== Requirement ==
In the entries below, find the line with "Megan Suri como Aneesa Qureshi (Netflix)." and the line with "محمد رمضان ورجل الورنيش". Repeat exactly everything between them, those two lines included, but not the pictures.

Supplied material START

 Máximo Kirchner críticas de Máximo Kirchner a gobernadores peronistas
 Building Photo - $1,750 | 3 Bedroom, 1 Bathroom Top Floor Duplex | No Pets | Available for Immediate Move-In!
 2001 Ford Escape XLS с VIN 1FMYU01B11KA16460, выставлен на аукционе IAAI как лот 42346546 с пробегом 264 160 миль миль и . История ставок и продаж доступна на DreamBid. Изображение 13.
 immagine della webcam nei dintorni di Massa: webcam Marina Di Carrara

Supplied material END
Supplied material START

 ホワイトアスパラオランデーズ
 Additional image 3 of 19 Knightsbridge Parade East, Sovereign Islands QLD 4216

Supplied material END
Supplied material START

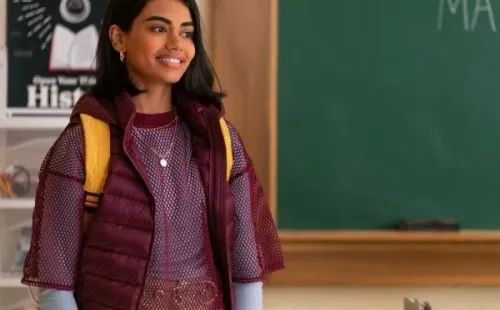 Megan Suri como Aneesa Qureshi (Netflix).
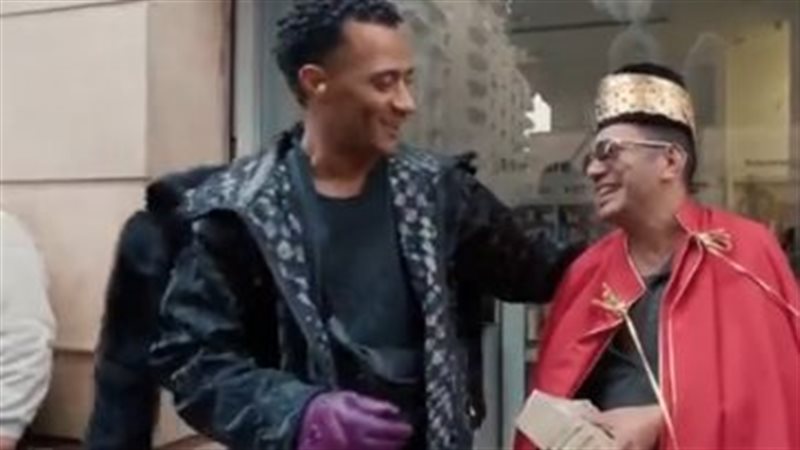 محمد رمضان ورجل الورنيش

Supplied material END

== Completed task ==
 Megan Suri como Aneesa Qureshi (Netflix).
 محمد رمضان ورجل الورنيش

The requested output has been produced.